Plantnet | Pour découvrir la flore de son territoire

Nul besoin de dépasser 10 kilomètres pour s’évader

dans ancres | dans mon bocal | voir

Mais en vous/les rendant un peu plus observateur(s) tout en conciliant écran (celui-qui-ne-vous-quitte-jamais1) et balades nature ou urbaine…!
Sur les photos de famille, cette nature est bien plus (sic…!!) qu’un décor pour faire joli derrière.
Et si vous partiez explorer cette nature…?!

Lancez-vous sur les chemins vicinaux et sentiers autour de votre lieu de résidence ou de confinement, rues, squares2, routes communales avec un regard3 plus accentué (!!) qu’à votre habitude.

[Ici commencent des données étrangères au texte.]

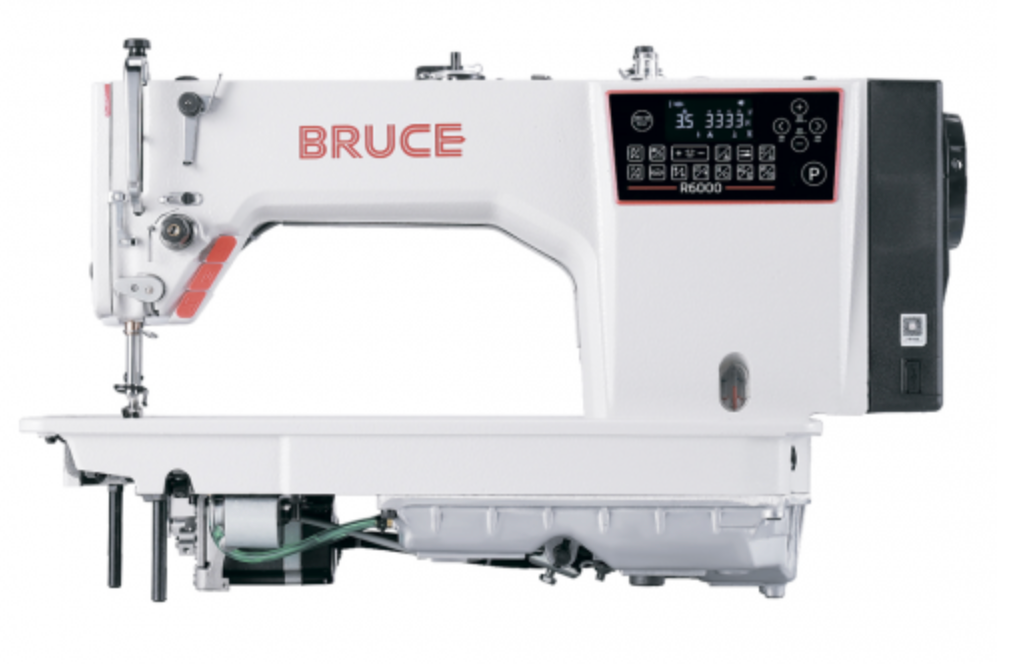 Bruce R6000 Schnellnäher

Les outils recommandés ? Un smartphone et/ou un appareil photo4, de bonnes chaussures montantes et de… patience !

Ensuite, en partant de chez vous (le voyage commence à votre porte comme l’écrit Jean-Didier Urbain dans Ethnologue, mais pas trop), objectif : votre environnement immédiat !

Prendre le temps, revenir sur ses pas pour débusquer la toute petite fleur qui se camoufle dans l’herbe ou dans une fissure de mur, se dissimule dans le caniveau.

Le seul exercice est de travailler la souplesse pour se pencher et voir ce qui est à vos pieds…

Examiner, immortaliser sans arracher, sans saccager. Prendre quelques clichés, c’est la règle du jeu.

Ensuite, reste à identifier chaque plante débusquée. Je vous engage à employer toutes les ressources de Plantnet et même de vous y inscrire.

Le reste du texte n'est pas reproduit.